While details are somewhat sketchy of who exactly buys the results of Jayna’s research, her main task is taking large amounts of statistical data and examining emerging trends, which then inform investment strategies, public policies, etc. This element of a world driven by measurement and analysis might slip past the notice of a reader in a way the orange groves surrounding Manchester do not. It seems relatively normal – this kind of job exists right now and bestsellers are written about using data to “nudge” consumers and citizens into particular types of behavior.

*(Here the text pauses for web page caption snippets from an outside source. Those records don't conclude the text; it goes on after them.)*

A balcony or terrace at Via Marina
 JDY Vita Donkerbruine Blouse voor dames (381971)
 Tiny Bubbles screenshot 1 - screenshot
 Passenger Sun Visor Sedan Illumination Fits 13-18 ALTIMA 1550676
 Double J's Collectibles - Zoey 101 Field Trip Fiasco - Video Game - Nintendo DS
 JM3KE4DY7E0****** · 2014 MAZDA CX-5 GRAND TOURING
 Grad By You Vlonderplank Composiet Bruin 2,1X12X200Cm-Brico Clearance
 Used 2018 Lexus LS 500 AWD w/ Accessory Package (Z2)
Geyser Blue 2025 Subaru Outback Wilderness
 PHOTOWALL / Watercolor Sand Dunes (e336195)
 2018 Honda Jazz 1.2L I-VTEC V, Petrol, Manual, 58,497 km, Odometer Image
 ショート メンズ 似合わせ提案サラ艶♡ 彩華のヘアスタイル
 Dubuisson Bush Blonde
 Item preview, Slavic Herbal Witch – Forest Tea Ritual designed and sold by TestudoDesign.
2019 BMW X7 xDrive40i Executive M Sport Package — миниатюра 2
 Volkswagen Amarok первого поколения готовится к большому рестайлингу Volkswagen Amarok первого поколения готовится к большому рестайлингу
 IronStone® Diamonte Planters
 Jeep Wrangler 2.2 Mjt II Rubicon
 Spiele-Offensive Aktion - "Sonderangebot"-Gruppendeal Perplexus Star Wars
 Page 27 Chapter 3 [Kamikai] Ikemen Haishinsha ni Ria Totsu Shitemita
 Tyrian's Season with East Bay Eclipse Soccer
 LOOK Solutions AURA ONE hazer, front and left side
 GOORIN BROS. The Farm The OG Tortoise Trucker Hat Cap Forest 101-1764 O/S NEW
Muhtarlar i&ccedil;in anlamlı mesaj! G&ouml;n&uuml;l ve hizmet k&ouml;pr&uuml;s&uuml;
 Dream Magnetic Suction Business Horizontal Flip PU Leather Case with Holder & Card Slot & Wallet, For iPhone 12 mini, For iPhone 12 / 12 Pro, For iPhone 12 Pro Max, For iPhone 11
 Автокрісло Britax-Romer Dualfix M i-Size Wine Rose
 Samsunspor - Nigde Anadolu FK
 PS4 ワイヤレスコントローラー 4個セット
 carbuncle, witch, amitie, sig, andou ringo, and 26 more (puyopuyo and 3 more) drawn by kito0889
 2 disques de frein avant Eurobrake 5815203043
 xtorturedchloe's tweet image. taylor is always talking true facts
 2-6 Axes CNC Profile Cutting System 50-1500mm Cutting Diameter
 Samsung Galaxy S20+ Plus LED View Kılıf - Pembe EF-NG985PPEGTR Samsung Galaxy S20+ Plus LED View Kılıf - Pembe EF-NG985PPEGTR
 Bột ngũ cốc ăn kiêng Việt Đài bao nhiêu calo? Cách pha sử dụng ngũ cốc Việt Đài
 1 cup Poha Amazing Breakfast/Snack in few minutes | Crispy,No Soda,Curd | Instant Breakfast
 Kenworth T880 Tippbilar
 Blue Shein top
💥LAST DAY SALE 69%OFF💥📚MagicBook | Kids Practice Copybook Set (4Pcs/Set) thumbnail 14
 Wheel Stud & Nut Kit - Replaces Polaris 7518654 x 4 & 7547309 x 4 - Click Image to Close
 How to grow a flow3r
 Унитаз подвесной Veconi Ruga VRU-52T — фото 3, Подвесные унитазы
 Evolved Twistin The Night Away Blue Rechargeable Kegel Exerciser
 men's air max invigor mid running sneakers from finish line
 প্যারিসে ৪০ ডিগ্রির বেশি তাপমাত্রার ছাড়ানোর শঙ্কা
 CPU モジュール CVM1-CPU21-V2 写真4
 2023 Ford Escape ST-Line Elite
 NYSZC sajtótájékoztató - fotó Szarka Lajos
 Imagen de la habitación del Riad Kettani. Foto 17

This is part of what makes the dystopia of A Calculated Life so believable: we already live in a world of “big data” and (typically utilitarian) calculation, a world where conceiving of human beings as “a kind of second-rate computer, jammed full of old legacy software but possible to reprogram” is plausible, a world where a life of efficiency and productivity (based on the best available statistical data) is something to be desired rather than viewed with suspicion. I’ve described the book as a dystopia, but with a little PR spin, it could sound like utopia (at least according to some Silicon Valley futurists). We lifehack these days; we don’t seek the good, the true, and the beautiful (at least insofar as transcendentals can’t be tracked in a spreadsheet or picked up on an fMRI scan). Charnock’s book asks some subtle, unsettling questions about the reduction this attitude represents, what our pursuit of productivity is for, and what is actually fundamental to human flourishing.